I really do understand what you are saying, but police need oversight as well,
And while I respect your statement that it “doesn’t seem like justice,” I don’t think it is “justice” that police are treated differently in investigations. I don’t think it is justice that “qualified immunity” exists to the extent it does. I don’t think it is “justice” that the “blue wall of silence” exists.
I truly believe that the vast majority of police are good cops. But a grand jury investigation seems like one way to catch the bad cops that shoot people without cause.
He folded because there was a fake and unjustified public outcry deliberately ginned up by his political enemies. Which I’m generally fine with because he’s a bad DA (as were all of his predecessors for a long time).
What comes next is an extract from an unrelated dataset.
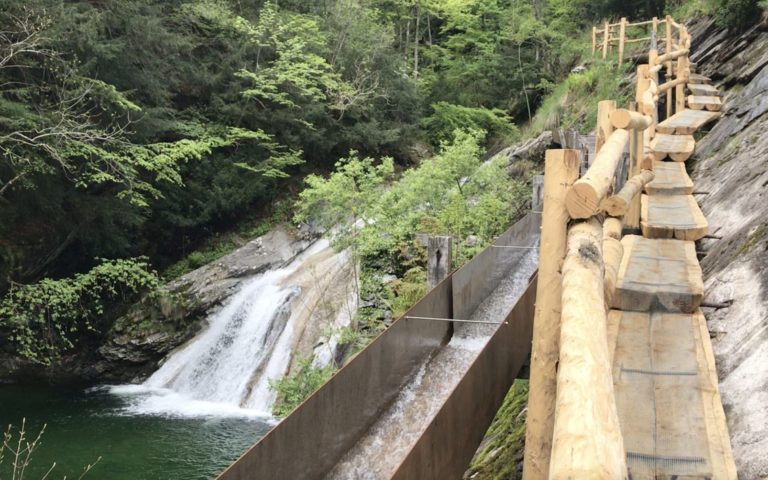 Mais mahlen und Wein verkosten in der Mühle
But the policy isn’t inherently a bad one. Taking the case to the grand jury, for it to officially decide that there’s no case, would be at worst a waste of some time and effort. Not doing it in this case, where the absence of any case is blindingly obvious, does no harm.
As Mike Thiac commented below, from his personal experience, it’s been the policy there since long before Garza’s time.
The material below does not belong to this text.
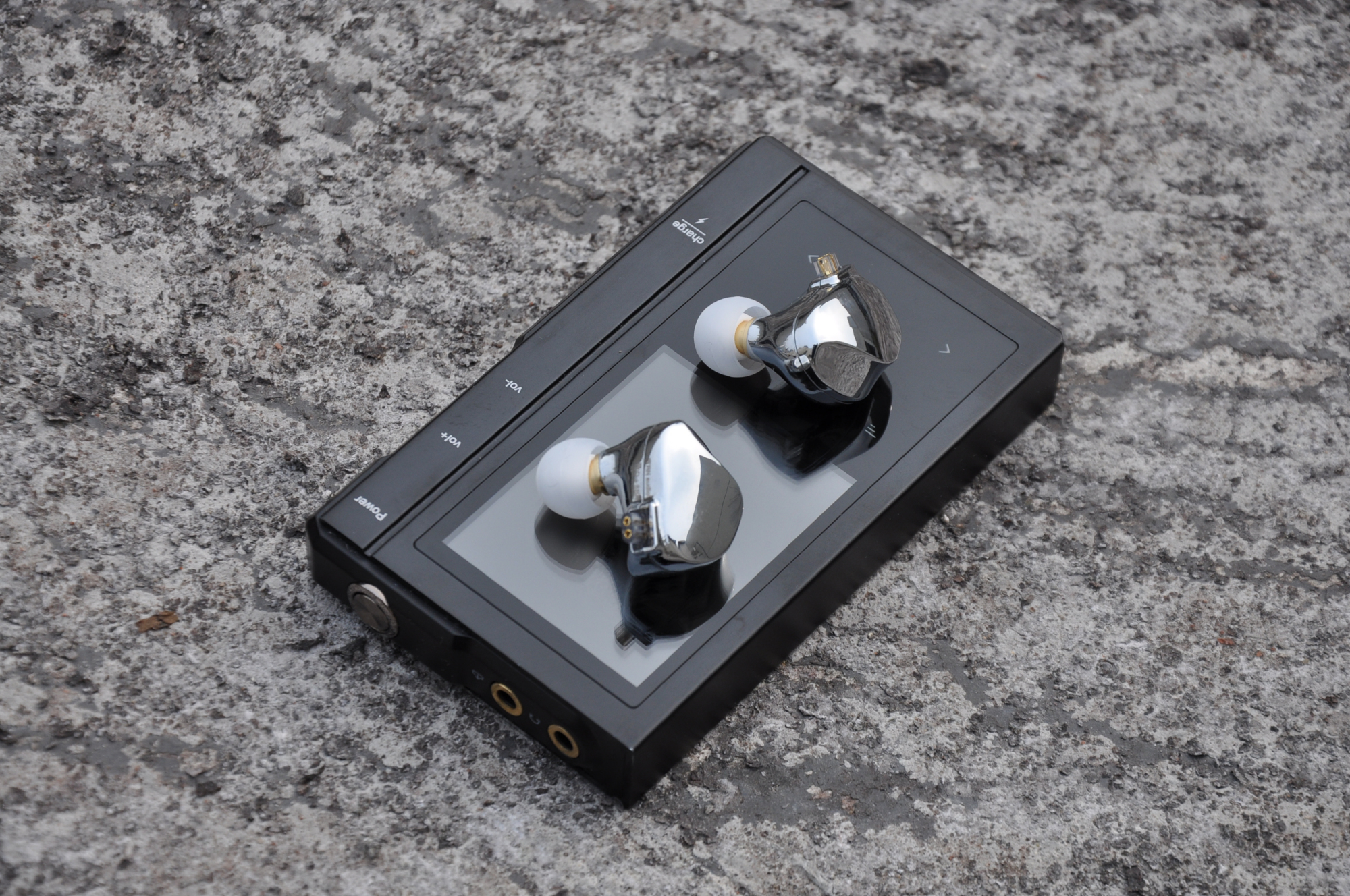 聆听声音细节的秘密 trn vx pro一圈八铁旗舰圈铁hifi耳机测评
And on the other post Chewbacca wrote the same thing: “Been a cop here for 22 years. Every shooting gets presented to the grand jury.”
nopeee hold your applauses for this seemingly pro maga move by a hard leftist
I said it the other day
they dont want this can of islam opened up for public debate
the more you /we find out about the murderer the more CAIR and others will be exposed
the network of anti maga bloodlines is running deep from the north of minnesomali to the nyc den of mammadami to its cohorts on the west coast
this is a victory for the left
they shot up people
they caused more chaos
their hero ..like lugi ..is being worshipped
just like the daniel penny saga exposed the corruption of the nyc
nyc is already a lefty stronghold
anymore info getting out from this senegal heor will damage any pr the texas contingents put out saying otherwise
How much was him seeing the returns from the primaries come in (or the polls) and thinking he might not be as safe as he was a year ago (politically)?
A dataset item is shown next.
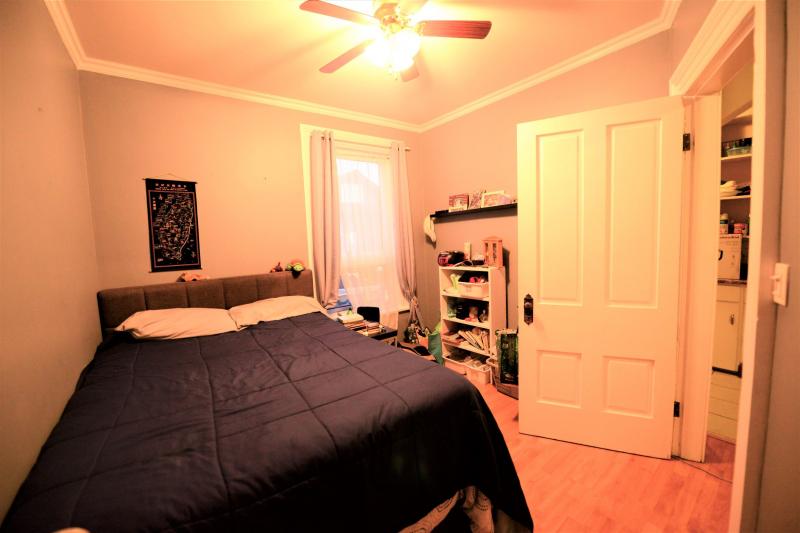 Lovely bright 1 bed &den apt $1,300 plus hydro King&Ritson Oshawa Image eClassifieds4u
Ms. Chastain, I have to say I’m surprised. I’ve been a cop in the Houston area for over 25 years and anyone using deadly force (police or civilian) is referred to the grand jury as a matter of policy, just a check to insure it was justified, or (sorry for the double negative) not an unjustified use of deadly force. But I won’t look a gift horse in the mouth, with that DA wanting to charge cops for handcuffing suspects (slight exaggeration), those Austin officers are breathing a sign of relief.
José can you see must be up for election soon. Regardless it is a good move on his part so he should be applauded for it.
That’s ridiculous. Wren can’t force him to do anything he doesn’t want to do. He chooses to listen to their advice.
You also confused him with the Bexar County DA, and haven’t acknowledged that. To repeat, you wrote: “Garza has claimed that the Wren Collective provides him with advice on messaging, not on prosecution decisions.” That is just not true. He hasn’t claimed that. You linked to a story about someone completely different, who may well have been telling the truth about his own practice, but it has nothing to do with Garza. It’s completely possible that Garza does take advice from Wren on prosecutorial decisions, while Gonzales doesn’t.